Sometimes I wish that I had never found out about Peak Oil because it really does put a damper on most things. I think I'm transitioning from the panic to the action stages, though I still am sort of spinning my wheels. I find myself brooding over what seemed like once-practical purchases like buying a microwave cart from Target. Would that money be better spent on other supplies? What supplies exactly? Flying in an airplane, which has always made me nervous, now seems truly magical, especially knowing that it soon will probably not be possible, at least not for anyone except the wealthy. Over a month ago I was flying and looking down at the ground in awe of how fossil fuels have allowed us to change the landscape and make long journeys so quickly. And then there's sprawl, something which has always kind of disgusted me, but now it looks nightmarish knowing how we are just speeding towards the wall at full throttle. Finally, my knowledge of Peak Oil is putting a strain on my relationship, I'm getting married in less than a month and my fiancee and I now each have a different version of the future in our heads, she agrees that P.O. is a problem but I think she has been unable to really wrap her head around what it means.

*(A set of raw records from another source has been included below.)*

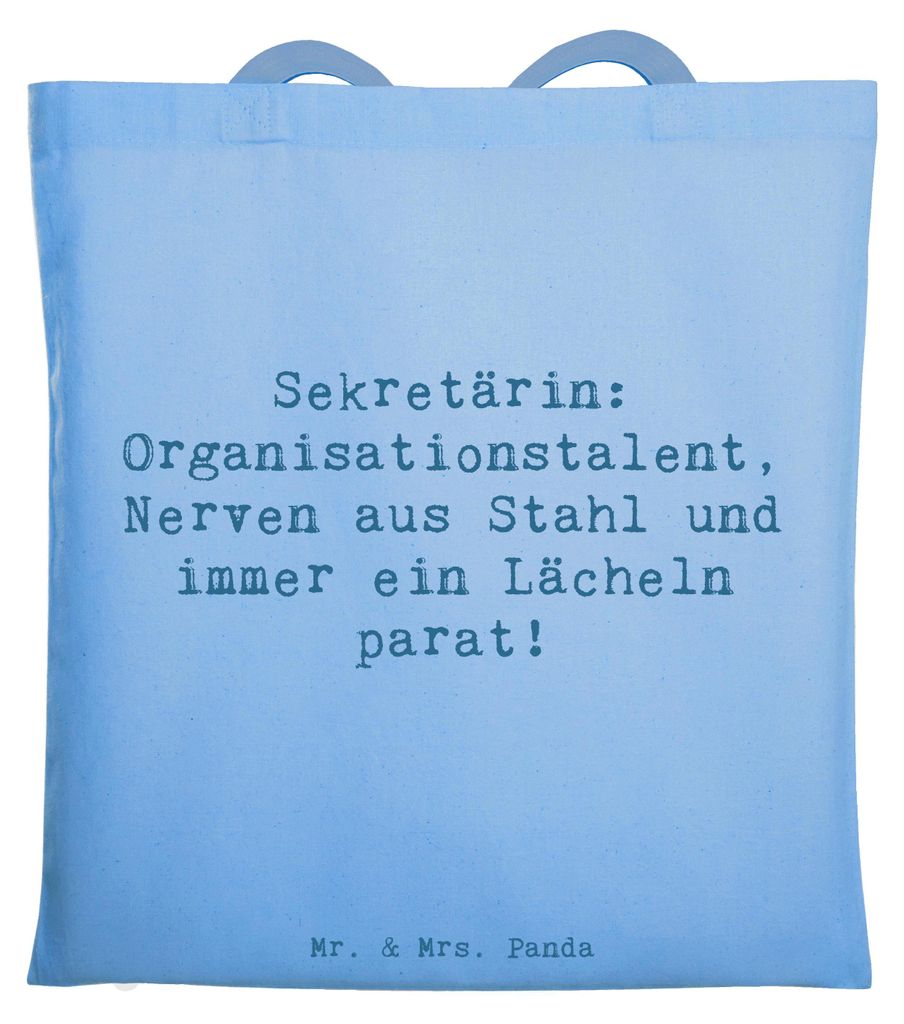 Mr. & Mrs. Panda Shopping Tasche Spruch Sekretärin Heldin - Sky Blue - Geschenk, Beruf, Sekretärinnen wertschätzen, Organisationstalent, Laptopt...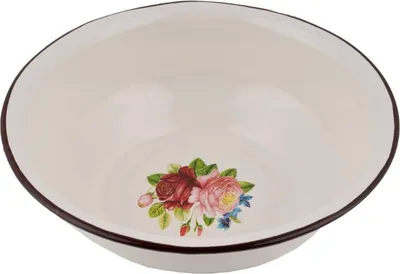 Produktbild von PRIMA DECO Cremefarbene Emaille-Schüssel Mix Design 24 cm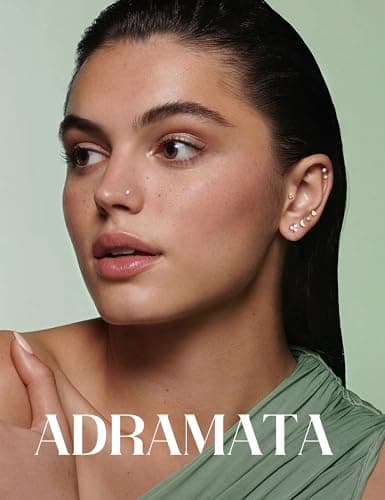Adramata Piercing Tragus Hypoallergénique 16G/18G en Or/Argent 6/8/10mm Labret à Filetage Interne pour Lèvre et Cartilag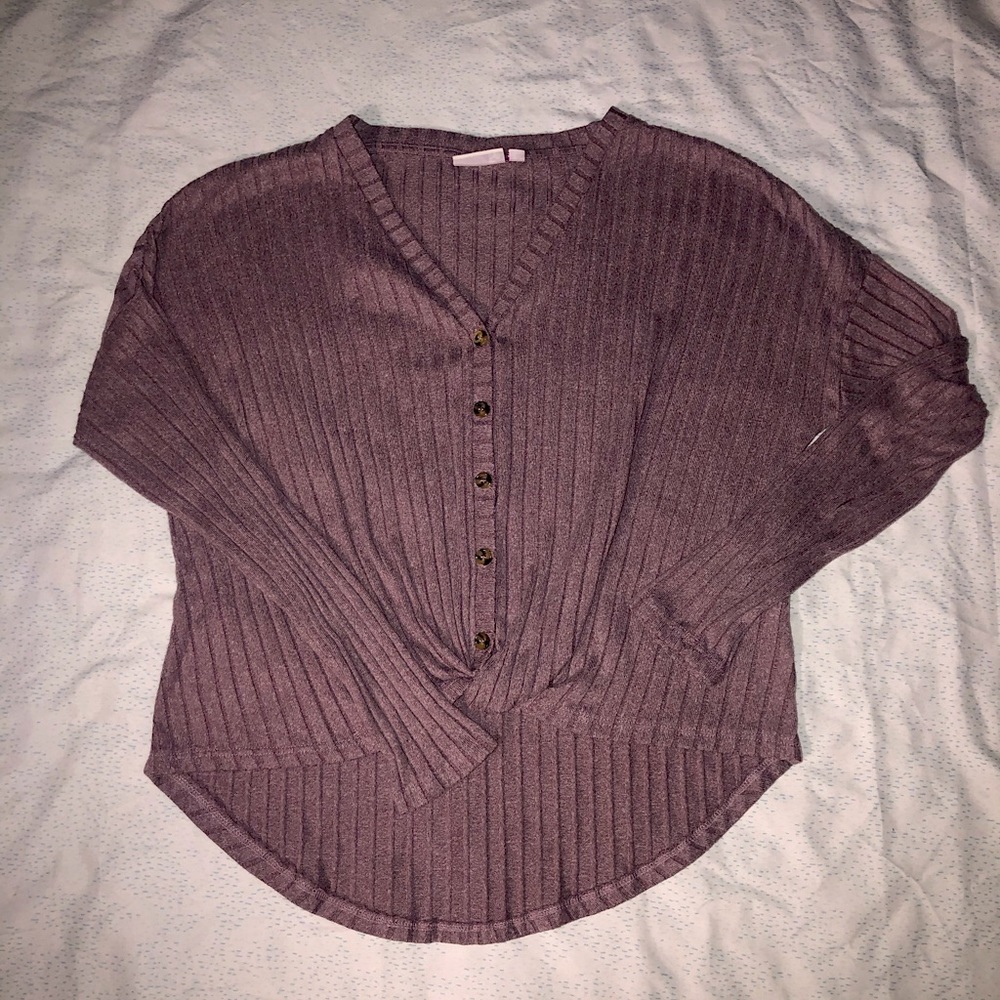 Soft Purple Front Knot Sweater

_________________ "Everybody talking to their pockets
Everybody wants a box of chocolates
And a long stem rose
Everybody knows"
-Leonard Cohen
Joined: Jun 12, 2005 Posts: 4189 Location: 1st territorial capitol of AZ
Posted: Mon Jun 27, 2005 11:38 pm Post subject:
I've been thinking about stuff as I throw it away for years, some paper, I think Gosh that's good for lighting a fire, for kindling, and here I am just tossing it out. A jar, I think, In some 3rd world country this would be prized, and used, as a container.

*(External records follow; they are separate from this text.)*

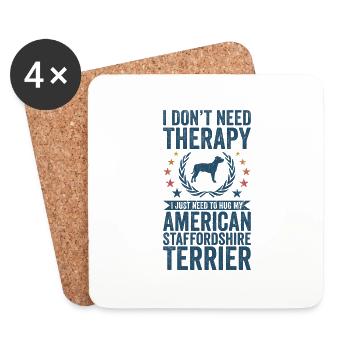 Need therapy - Staffordshire Terrier - Coasters (set of 4) - white - Front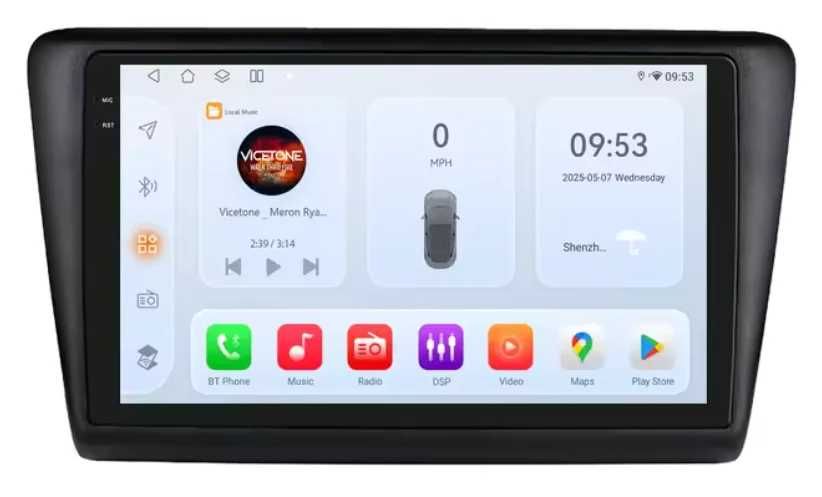 Мултимедия 9″ Android 14 за SKODA RAPID, SEAT TOLEDO IV (12-19г) CARPLAY навигация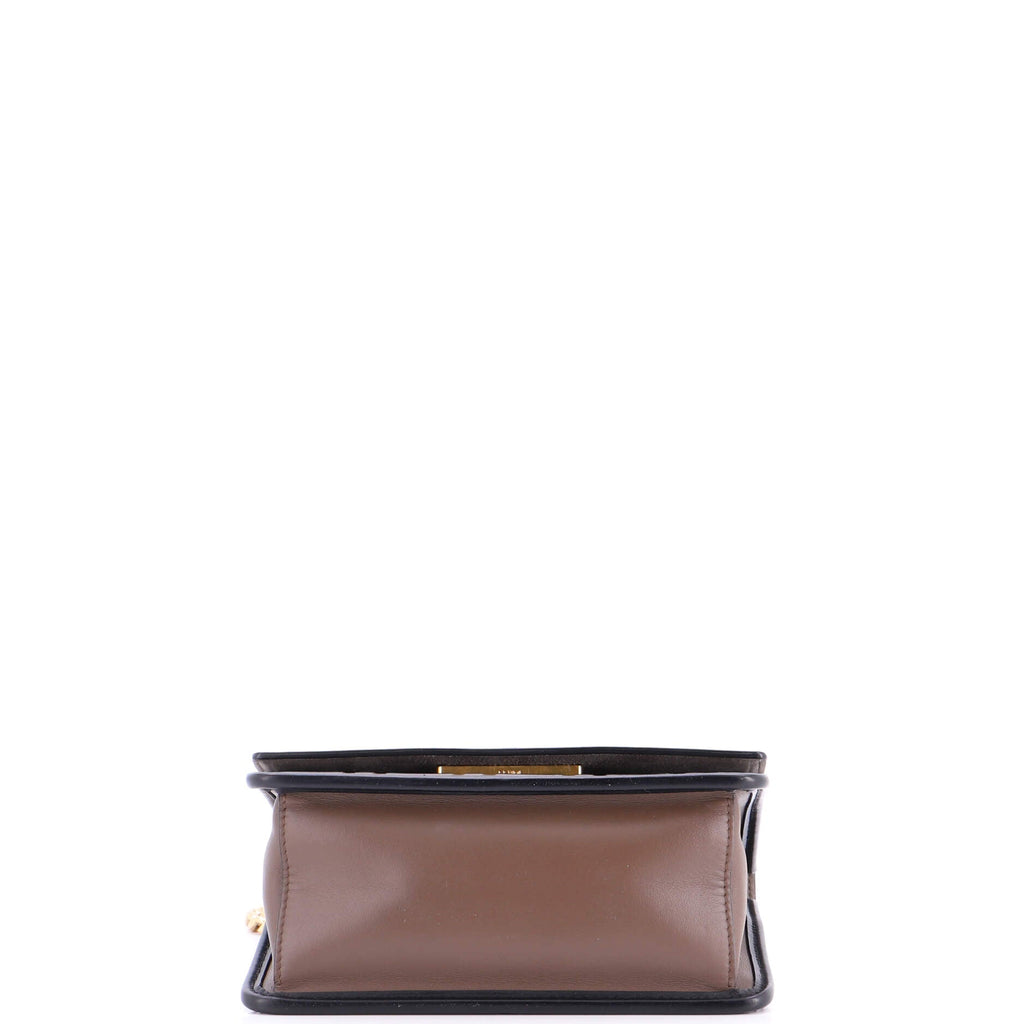 Kan I F Shoulder Bag Leather with Zucca Embossed Detail Small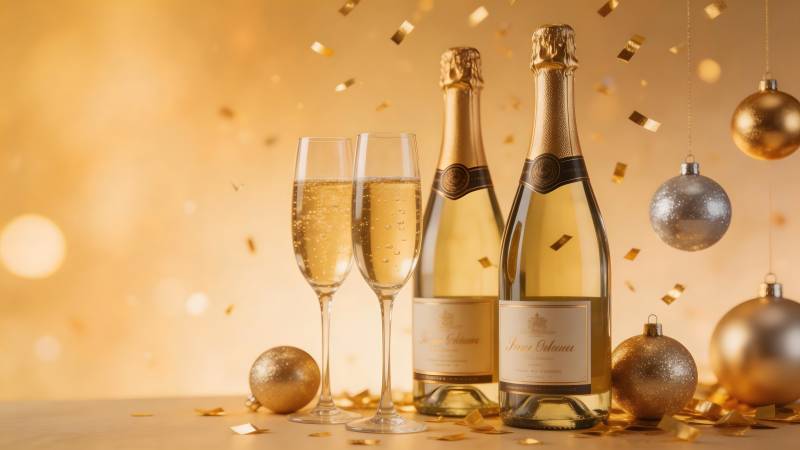 香槟庆祝新年图片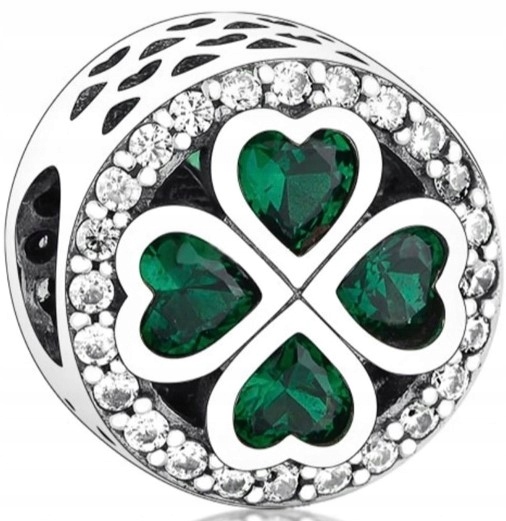

Charms Srebrny Koniczynka Serce Zawieszka Beads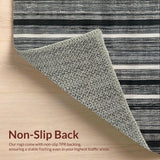 Ultra Soft Area Rug, Non Slip, Stain Resistant, Washable Area Rugs for Living Room, Bedroom, KaHouen Bold Stripe Pattern Rug Accent Carpet for Porch and Patio(Black)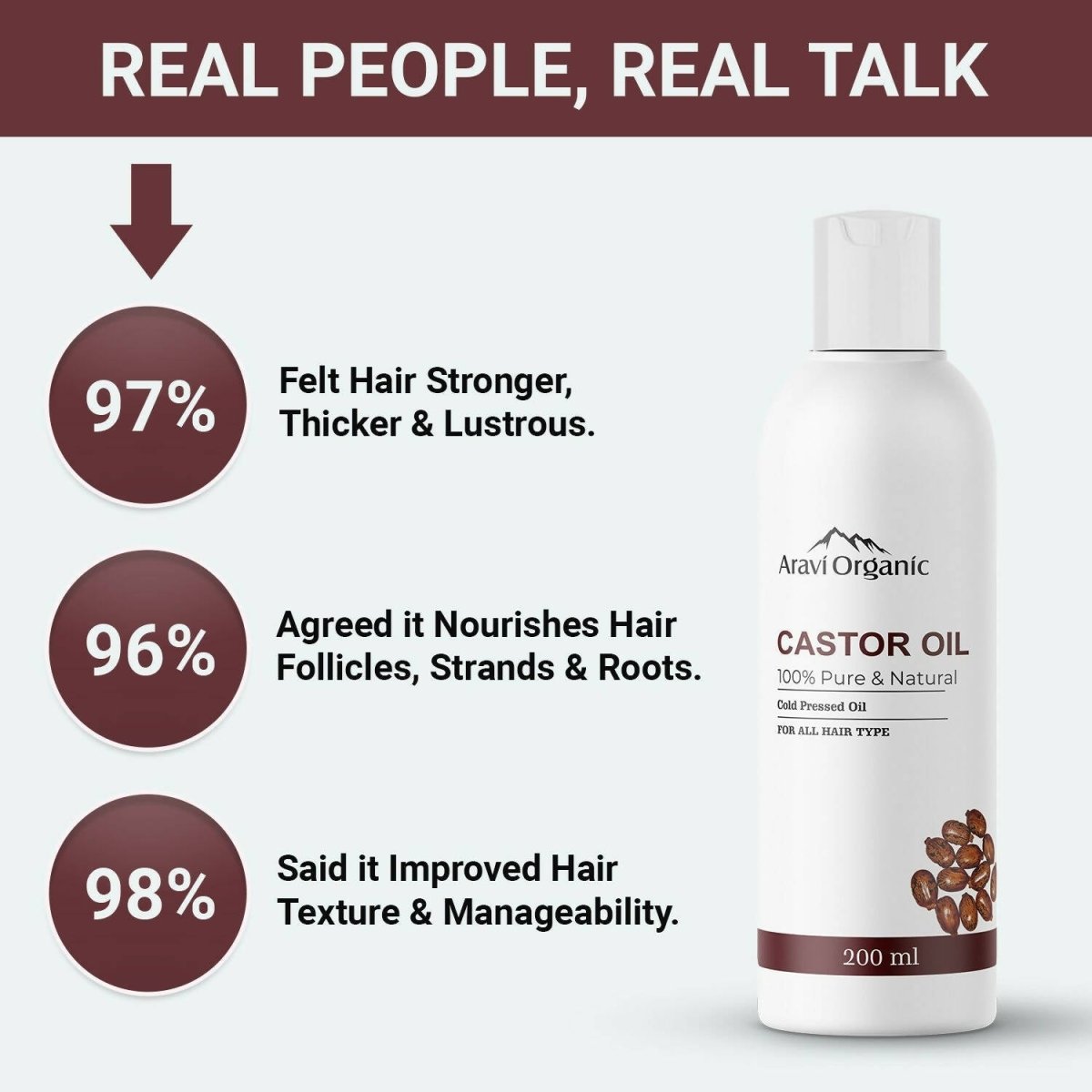 Aravi Organic 100% Pure Cold Pressed Castor Carrier Oil | Swadesiicart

All this useable stuff and we throw it away, because our culture is based on that.
I was up in the "wine country" on the weekend, and the "main drags" of Napa and Calistoga are just open-air malls, and most of the stores full of the most useless, fatuous junk I've ever seen. And so much of it faux-antique junk made by slave child labor in some 3rd world country.

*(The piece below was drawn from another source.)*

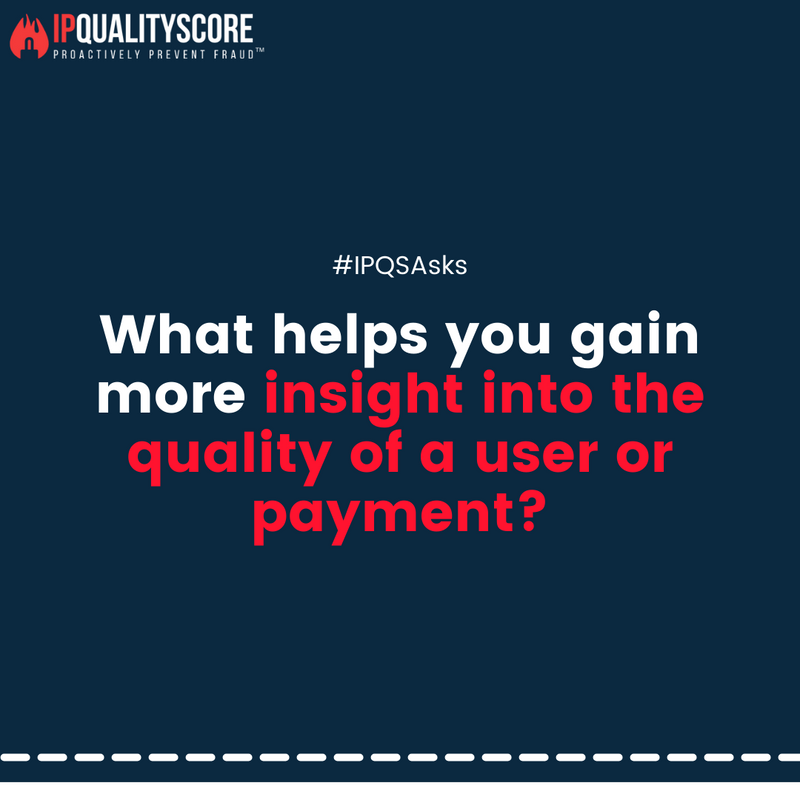 IPQS's tweet image. By being informed about the quality of a user, signup, or payment, you can remain confident that your business is safe from fake accounts and suspicious activities. 💯

💡 What helps you gain more insight into the quality of a user or payment?

#IPQS #IPQualityScore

Pablo: A pickup truck may well be USEFUL post-peak. If it's well-built, has manual transmission, and can be converted to run on biofuels. (Don't laugh--I read a story today that the G8 leaders are gonna be squired around in cars that run ON STRAW! Ironic, eh?) It can move a lot of things--needed supplies for communities, and such. It can carry a lot of people--hey, small-scale mass transit! Easier to get to the fields by truck than by foot, or even horse & cart. . .and, hey, can hold the harvest and get it back to the storage bins/barns/silos! Just be sure it has the stuff to cover rugged terrain--land, and deteriorating roads!
Now, more than ever, we have to think outside of the box for a post-peak world. Motor vehicles will decline rapidly in number, obviously. But vehicles aren't gonna completely vanish from the face of the Earth overnight, either. The smart preparer will have something well-engineered, relatively easy to fix with make-shift parts, have (or know someone who has) some mechanical know-how, and the vehicle will be USEFUL to a post-peak world. Something like, well, a well-built pickup truck. Ask people who've had (and usefully used) pickups forever what you should be looking for. Find a good deal. Learn some mechanics. Make things WORK for a post-peak era!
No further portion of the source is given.